Боран и его подмастерье с улыбкой смотрели на него, Жанна выглянула из кухонной двери с тарелкой в руке, спокойно глядя, кто пришел. Одна Рене, вскочив с места, сжала руки, впилась жадным взглядом в глаза незнакомца и, дрожа от волнения, не могла выговорить ни слова. Наконец из ее груди вырвался подавленный крик:
– Шарль! Наш принц!
Боран и Блезо вскочили с места, Жанна всплеснула руками, подняв тарелку и полотенце.
Довольный произведенным эффектом, принц отбросил свою трость и, привлекая к себе Рене, воскликнул:
– Ты узнала меня, ты – первая! Знаешь ли ты, что ты стала красавицей с тех пор? – И он поцеловал ее в обе щеки, как бывало делал это раньше.
Девушка вспыхнула от смущения.
– Да, – вздохнул принц, – я ничего не забыл; ничего и никого, – прибавил он, вглядываясь в окружающих. – А ты, Рене, думала ли ты когда-нибудь обо мне? – спросил он, глядя на девушку полным нежности взглядом.
– Всегда, постоянно… – пролепетала та, краснея еще более.
Лицо принца просияло, но Боран перебил ее:
– Ваше высочество, оставались все время…
– Тише, – остановил его молодой человек, приложив палец к губам, – меня зовут де Гранлис.

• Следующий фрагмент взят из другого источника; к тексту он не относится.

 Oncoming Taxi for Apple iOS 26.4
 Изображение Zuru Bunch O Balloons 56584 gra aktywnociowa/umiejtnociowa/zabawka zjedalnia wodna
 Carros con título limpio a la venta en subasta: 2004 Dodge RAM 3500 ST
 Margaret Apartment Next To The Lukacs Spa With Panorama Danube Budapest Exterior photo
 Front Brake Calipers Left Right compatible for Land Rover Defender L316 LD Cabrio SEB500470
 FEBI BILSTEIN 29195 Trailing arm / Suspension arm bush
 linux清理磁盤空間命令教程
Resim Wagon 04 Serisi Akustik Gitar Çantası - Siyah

– Несмотря на расстояние, вы всегда присутствовали между нами, – продолжал Боран. – Дочь сказала правду: всегда, постоянно мы вспоминали о вас; мы ждали какого-нибудь известия, спрашивали себя, почему вы не вспомните своих преданных слуг, воображая, что наша глубокая привязанность заслуживала вашего благоволения…
Принц покраснел и поспешил сказать:
– Я никак не мог сделать это, мои бедные друзья!.. Я все расскажу вам теперь. У меня было столько приключений, столько опасностей… Я снова испытал заключение, тюрьму… Мне еще раз удалось спастись и бежать, почти чудом…

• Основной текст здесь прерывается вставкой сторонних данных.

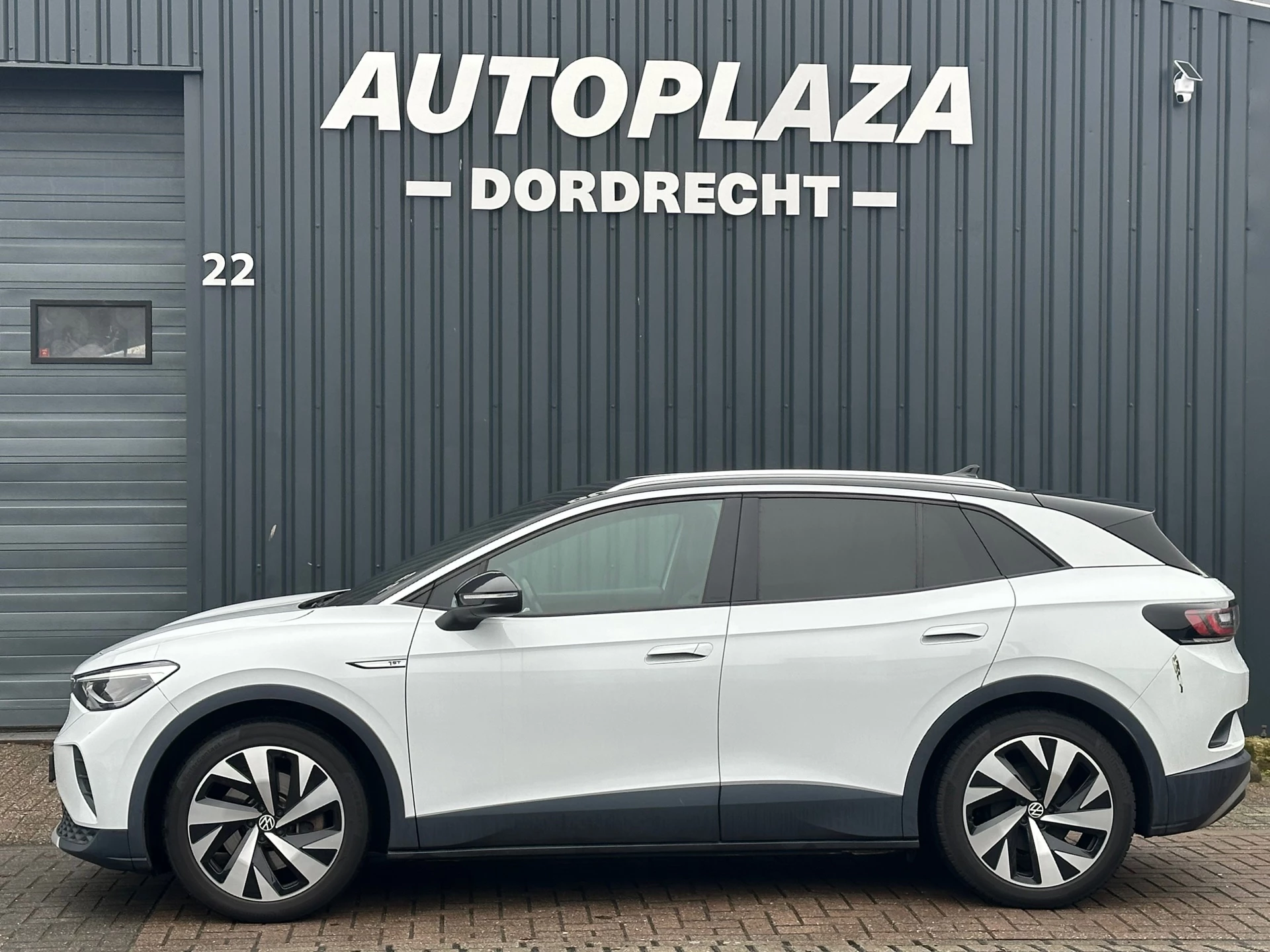 Hoofdafbeelding Volkswagen ID.4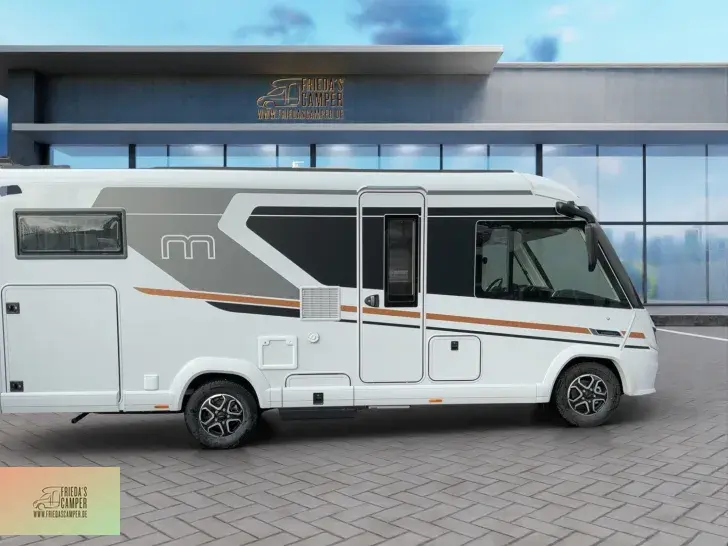 Fahrzeugbild Malibu I 450 RB LE comfort v. Pakete Fiat Modell 2026 #8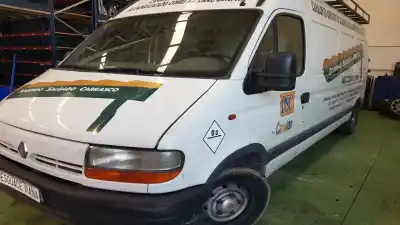 Утилизация автомобиля renault master ii furgón (fd) 2.8 dti года 1999 питание s9w702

– Кто же осмелился? – воскликнула снова побледневшая Рене, глаза которой пылали негодованием.
– Кто осмелился?.. – повторил принц. – Все они же, эти бунтовщики, мои дяди, которые безо всякого права и доказательств считают меня интриганом, авантюристом, отказываются признать меня своим племянником, законным наследником того, что они украли у меня! Они доказали, что я могу всего опасаться… Эти тайны принадлежат не мне одному, и я не имею права выдавать их даже таким преданным людям, как вы.

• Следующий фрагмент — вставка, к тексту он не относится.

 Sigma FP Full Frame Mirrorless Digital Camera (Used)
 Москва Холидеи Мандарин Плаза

Он произнес последние слова с тем видом достоинства, который умел хорошо принимать на себя и который производил такое сильное впечатление на окружающих. Так было и на этот раз; все низко склонились перед ним, искренне признавая себя недостойными.
Двое прохожих остановились перед лавкой, хотя и плохо освещенной, но все-таки бросавшей поток света на еще довольно оживленную улицу. При виде их Боран вспомнил свою обычную осторожность.
– Господин Гранлис, – тихо сказал он, – потрудитесь войти в столовую, отсюда вас слишком хорошо видно.
– Ты прав, Боран, – спохватился принц, быстро обернувшись спиной к улице, – прав тем более, что я сегодня целый день в пути, не завтракал и не обедал. Мне будет приятно поужинать.
– Неужели? – печально воскликнула Рене, в отчаянии от такого признания.
Жанна бросилась растапливать свой погасший очаг, Блезо закрыл лавку, а часовщик спустился в погреб, чтобы сделать честь своему гостю бутылкой лучшего вина. Немного погодя Гранлис спокойно ужинал свежей яичницей, холодным мясом, фруктами, запивая их хорошим вином.